Marian Kuprat – Corleone

Marian Kuprat is back! Der 32-jährige Essener liefert nach seinem 2021 erschienenen letzten Longplayer die logische Weiterentwicklung: „Corleone“ ist ein ganzes Album voller reduzierter akustischer Nummern, die stimmig Country und Singer/Songwriter kombinieren. Die Atmo ist dabei stets einheitlich gehalten. Marian hört man an den Gitarren, seine Gastmusiker:innen Niklas am Cello, Martin an der Steel-Pedal-Gitarre sowie Sebel am Klavier und an der Hammondorgel. Letzter zeigt sich auch für die Produktion verantwortlich. Alle drei Bandmember haben bereits vor Marian mit zig großen deutschen Acts gespielt. Auf der LP befinden sich einige sehr persönliche Storys, die zum Nachdenken wie zum Schmunzeln anregen. „Besser is nich“ kann man sich in den kommenden ersten Frühlingswochen gut in die Playlist packen.

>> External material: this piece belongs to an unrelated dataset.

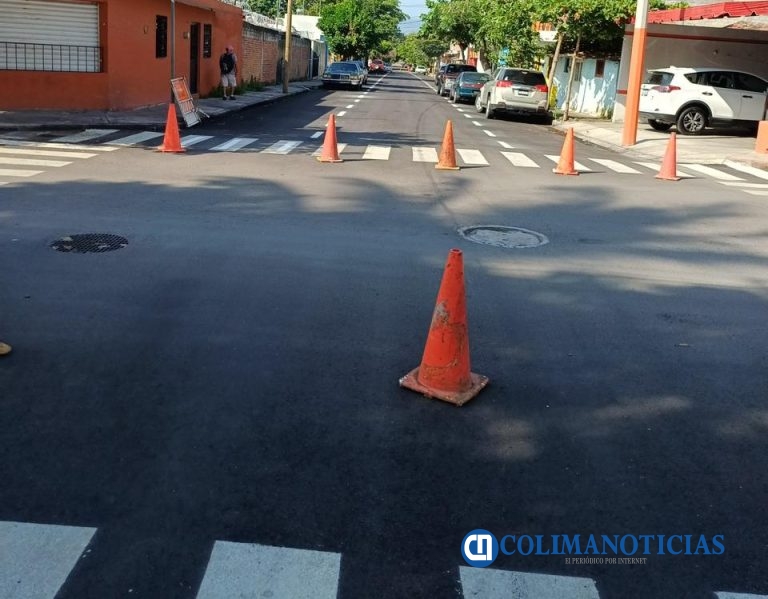 Con hechos, mejoramos nuestras calles: Riult Rivera entrega la pavimentación de la calle Del Agrarista en El Moralete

Roger Morelló Ros – The Voice of Casals

Zum Schluss ein exklusiver Tipp für die Klassiker:innen unter euch: Roger Morelló Ros kommt ursprünglich aus Katalonien, also dem Osten Spaniens, lebt aber seit sieben Jahren in Köln, um hier als Konzertcellist groß gefeiert zu werden. Roger hat sich auf seinem neuen Album intensiv mit dem ebenfalls katalanischen Cellisten Pau Casals auseinandergesetzt. Deswegen heißt das Ergebnis auch „The Voice of Casals“. Ähnlich wie sein Vorbild interpretiert Ros eine Stunde lang 14 große Stücke von Bach, Marais, Cassado und anderen Komponisten, die wichtige Werke für Cello-Soli zauberten. Mit viel Feingefühl und Emotion spielt der sympathische Spanier die Kompositionen noch so unterschiedlicher Epochen. Wer schon bei den Aufnahmen verzückt ist, sollte einen Blick in den Kalender auf der Website werfen – gleich mehrere Konzerttermine in NRW sind zu finden.